Sarabi bez większych zmian. Wciąż ma niewielki apetyt i robi pojedyncze bobki. We wtorek zrobimy jej badanie krwi, ale w tej chwili wydaje mi się, że ogromną rolę odgrywa również jej stan psychiczny. Mam wrażenie, że na przestrzeni ostatnich kilku lat nie spotkałam królika, który jest tak bardzo przerażony i zestresowany…To ją wręcz paraliżuje. Czasami wystarczy się do niej zbliżyć i już zaczyna popiskiwać. Przed nami długa droga, ale mamy czas.
Fredzio
Gapik
Łasuch
Smerfetka
Niezapominajka
Niezapominajka czuje się bardzo dobrze. Dopisuje jej bardzo dobry humor. Trudno uwierzyć, że Niezapominajka jest niewidomym królikiem. Radzi sobie bez zarzutu.
W ostatnich dniach jej katar zupełnie się wyciszył. W przyszłym tygodniu zabiorę Niezapominajkę na kontrolę do doc. Oczywiście sytuacja zdrowotna Niezapominajki nie jest w 100% stabilna – być może Niezapominajkę jeszcze zabieg usunięcia przynajmniej jednego zęba trzonowego, ale od dłuższego czasu cieszymy się spokojem. Dużym krokiem na przód była dla Niezapominajki również sterylizacja i rozwiązanie problemu drugiego pęcherza moczowego w postaci macicy…Teraz mocz Niezapominajki nie jest już tak gęsty, śluzowaty i nie ma intensywnego zapachu. Jest dobrze.

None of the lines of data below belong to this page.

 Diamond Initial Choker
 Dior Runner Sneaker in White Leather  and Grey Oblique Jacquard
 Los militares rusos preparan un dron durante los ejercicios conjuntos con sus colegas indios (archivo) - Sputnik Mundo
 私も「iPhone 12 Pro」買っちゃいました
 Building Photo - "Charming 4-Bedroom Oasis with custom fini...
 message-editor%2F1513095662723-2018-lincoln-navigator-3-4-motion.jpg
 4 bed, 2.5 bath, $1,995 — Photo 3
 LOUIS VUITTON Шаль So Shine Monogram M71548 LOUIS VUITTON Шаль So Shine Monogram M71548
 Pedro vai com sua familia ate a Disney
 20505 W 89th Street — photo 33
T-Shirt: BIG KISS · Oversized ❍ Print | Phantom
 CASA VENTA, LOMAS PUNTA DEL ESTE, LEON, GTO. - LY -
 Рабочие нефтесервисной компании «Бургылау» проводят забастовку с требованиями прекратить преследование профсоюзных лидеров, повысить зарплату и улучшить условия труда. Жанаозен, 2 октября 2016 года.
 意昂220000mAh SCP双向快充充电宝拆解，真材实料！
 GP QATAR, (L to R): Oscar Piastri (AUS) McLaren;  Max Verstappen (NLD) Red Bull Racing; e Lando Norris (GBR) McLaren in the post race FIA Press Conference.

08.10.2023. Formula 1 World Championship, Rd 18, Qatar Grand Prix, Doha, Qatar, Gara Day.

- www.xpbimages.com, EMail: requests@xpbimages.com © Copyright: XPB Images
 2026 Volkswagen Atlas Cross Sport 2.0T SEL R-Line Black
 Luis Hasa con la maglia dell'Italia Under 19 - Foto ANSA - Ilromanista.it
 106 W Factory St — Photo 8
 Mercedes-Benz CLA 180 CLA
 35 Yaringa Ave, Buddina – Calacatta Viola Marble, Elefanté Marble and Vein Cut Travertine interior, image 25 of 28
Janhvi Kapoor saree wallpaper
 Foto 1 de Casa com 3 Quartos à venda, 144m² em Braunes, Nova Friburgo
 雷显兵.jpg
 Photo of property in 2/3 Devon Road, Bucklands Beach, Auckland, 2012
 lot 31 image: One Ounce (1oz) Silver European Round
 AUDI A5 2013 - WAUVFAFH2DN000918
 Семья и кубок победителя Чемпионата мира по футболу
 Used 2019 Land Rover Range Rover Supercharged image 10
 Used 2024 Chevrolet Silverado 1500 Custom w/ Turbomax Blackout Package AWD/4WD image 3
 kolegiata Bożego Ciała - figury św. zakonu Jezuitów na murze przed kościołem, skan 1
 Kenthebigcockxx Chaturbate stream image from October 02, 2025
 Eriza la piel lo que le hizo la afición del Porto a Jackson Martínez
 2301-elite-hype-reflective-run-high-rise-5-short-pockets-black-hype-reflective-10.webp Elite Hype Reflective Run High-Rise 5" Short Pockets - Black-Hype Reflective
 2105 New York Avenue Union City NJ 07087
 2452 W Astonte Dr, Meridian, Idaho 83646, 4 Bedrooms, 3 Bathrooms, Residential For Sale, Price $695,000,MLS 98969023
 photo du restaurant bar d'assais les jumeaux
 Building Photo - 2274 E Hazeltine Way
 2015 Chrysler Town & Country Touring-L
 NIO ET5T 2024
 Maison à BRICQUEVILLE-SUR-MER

Niezapominajka wciąż czeka na swój dom. Wiem, że być może nigdy nikt nie zdecyduje się na jej adopcję, a nawet o to nie zapyta, ale chciałabym wierzyć, że będzie inaczej. Niezapominajka jest cudownym stworzeniem o wielkiej woli życia. Trzeba tylko się odważyć i ją poznać, wtedy obawa przed opieką nad Niezapominajką zniknie. Osobie, która zdecyduje się zaopiekować Niezapominajką, udzielimy wszelkiej niezbędnej pomocy, z opieką weterynaryjną włącznie.
Wracamy jutro!
4 komentarze
Niezapominajka jest cudowna, wzięłabym ją od razu. Może z moim Bigosem by się polubili 🙂
Ale mieszkam trochę daleko.. Więc było by ciężko z tą opieką weterynaryjną… U mnie w mieście każdy wyspecjalizowany w leczeniu psów i kotów. Macie szczęście mając blisko takiego doktora 🙂
A na jaki wiek szacuje Sarabi dr Krawczyk? Wygląda na młodego króliczka.
Janeczko, Sarabi jest raczej 2-3 letnim królikiem.